Update README.md

7b0cce2 verified 6 months ago

7.82 kB

	---
	license: cc-by-sa-4.0
	language:
	- multilingual
	- af
	- am
	- ar
	- as
	- az
	- be
	- bg
	- bn
	- br
	- bs
	- ca
	- cs
	- cy
	- da
	- de
	- el
	- en
	- eo
	- es
	- et
	- eu
	- fa
	- fi
	- fr
	- fy
	- ga
	- gd
	- gl
	- gu
	- ha
	- he
	- hi
	- hr
	- hu
	- hy
	- id
	- is
	- it
	- ja
	- jv
	- ka
	- kk
	- km
	- kn
	- ko
	- ku
	- ky
	- la
	- lo
	- lt
	- lv
	- mg
	- mk
	- ml
	- mn
	- mr
	- ms
	- my
	- ne
	- nl
	- 'no'
	- om
	- or
	- pa
	- pl
	- ps
	- pt
	- ro
	- ru
	- sa
	- sd
	- si
	- sk
	- sl
	- so
	- sq
	- sr
	- su
	- sv
	- sw
	- ta
	- te
	- th
	- tl
	- tr
	- ug
	- uk
	- ur
	- uz
	- vi
	- xh
	- yi
	- zh
	tags:
	- text-classification
	- register
	- web-register
	- genre
	---
	# Web register classification (multilingual model)

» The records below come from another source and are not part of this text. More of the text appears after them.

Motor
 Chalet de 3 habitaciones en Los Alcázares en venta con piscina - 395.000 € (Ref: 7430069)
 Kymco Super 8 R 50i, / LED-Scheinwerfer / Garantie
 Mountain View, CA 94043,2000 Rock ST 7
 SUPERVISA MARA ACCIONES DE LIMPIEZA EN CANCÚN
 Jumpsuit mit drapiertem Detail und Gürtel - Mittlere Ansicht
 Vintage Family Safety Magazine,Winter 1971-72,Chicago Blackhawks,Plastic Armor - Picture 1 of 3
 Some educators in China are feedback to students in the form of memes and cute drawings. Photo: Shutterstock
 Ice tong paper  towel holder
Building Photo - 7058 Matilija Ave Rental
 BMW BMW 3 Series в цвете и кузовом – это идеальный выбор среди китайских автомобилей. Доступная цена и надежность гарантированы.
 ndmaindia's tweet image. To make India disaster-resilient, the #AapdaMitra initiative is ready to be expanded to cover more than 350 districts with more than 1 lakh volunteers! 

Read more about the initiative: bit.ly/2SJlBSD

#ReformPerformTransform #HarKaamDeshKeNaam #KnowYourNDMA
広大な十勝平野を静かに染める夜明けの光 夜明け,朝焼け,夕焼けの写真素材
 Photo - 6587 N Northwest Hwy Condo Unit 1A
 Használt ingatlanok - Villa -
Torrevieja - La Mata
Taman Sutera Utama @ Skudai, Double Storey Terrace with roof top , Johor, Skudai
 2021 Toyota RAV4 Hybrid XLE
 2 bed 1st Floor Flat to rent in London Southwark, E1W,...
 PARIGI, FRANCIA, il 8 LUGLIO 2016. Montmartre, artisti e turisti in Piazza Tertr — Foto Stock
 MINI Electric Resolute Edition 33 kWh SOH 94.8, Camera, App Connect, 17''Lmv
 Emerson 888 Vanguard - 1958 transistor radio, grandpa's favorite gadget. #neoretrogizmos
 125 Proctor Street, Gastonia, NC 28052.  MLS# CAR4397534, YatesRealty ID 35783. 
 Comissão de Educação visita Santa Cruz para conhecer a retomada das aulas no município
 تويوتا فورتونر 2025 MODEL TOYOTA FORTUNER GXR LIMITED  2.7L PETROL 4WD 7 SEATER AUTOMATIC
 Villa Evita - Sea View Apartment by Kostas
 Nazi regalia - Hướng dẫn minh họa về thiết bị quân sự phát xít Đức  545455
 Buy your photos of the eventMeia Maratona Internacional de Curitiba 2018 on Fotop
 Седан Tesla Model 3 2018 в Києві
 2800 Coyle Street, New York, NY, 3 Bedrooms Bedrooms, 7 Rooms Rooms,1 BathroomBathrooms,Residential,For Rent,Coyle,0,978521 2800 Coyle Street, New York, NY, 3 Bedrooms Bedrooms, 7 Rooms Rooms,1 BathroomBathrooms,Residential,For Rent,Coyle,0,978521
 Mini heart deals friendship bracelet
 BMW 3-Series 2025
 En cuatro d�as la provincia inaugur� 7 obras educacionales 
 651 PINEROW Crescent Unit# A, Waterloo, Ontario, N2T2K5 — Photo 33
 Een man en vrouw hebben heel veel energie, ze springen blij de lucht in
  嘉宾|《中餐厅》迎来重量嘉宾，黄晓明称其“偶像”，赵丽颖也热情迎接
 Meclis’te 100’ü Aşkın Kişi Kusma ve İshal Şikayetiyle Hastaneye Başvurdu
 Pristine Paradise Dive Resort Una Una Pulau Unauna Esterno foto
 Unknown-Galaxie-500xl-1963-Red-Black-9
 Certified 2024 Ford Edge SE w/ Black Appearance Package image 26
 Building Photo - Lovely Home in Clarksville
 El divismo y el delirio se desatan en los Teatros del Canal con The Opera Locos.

	A multilingual web register classifier, fine-tuned from [XLM-RoBERTa-large](https://huggingface.co/FacebookAI/xlm-roberta-large).
	The model is trained with the multilingual CORE corpora across five languages (English, Finnish, French, Swedish, Turkish) to classify documents based on the [CORE taxonomy](https://turkunlp.org/register-annotation-docs/).
	It can predict labels for the 100 languages covered by XLM-RoBERTa-large. The model achieves state-of-the-art performance in classifying web registers for the trained languages and has strong transfer performance (see Evaluation below).
	It is designed to support the development of open language models and for linguists analyzing register variation.

	## Model Details

	### Model Description

	- Developed by: TurkuNLP
	- Funded by: The Research Council of Finland, Eemil Aaltonen Foundation, University of Turku
	- Shared by: TurkuNLP
	- Model type: Language model
	- Language(s) (NLP): English, Finnish, French, Swedish, Turkish
	- License: apache-2.0
	- Finetuned from model: FacebookAI/xlm-roberta-large

	### Model Sources

	- Repository: https://github.com/TurkuNLP/pytorch-registerlabeling
	- Paper: Coming soon!

	## Register labels and their abbreviations

	Below is a list of the register labels predicted by the model. Note that some labels are hierarchical; when a sublabel is predicted, its parent label is also predicted.
	For a more detailed description of the label scheme, see [here](https://turkunlp.org/register-annotation-docs/).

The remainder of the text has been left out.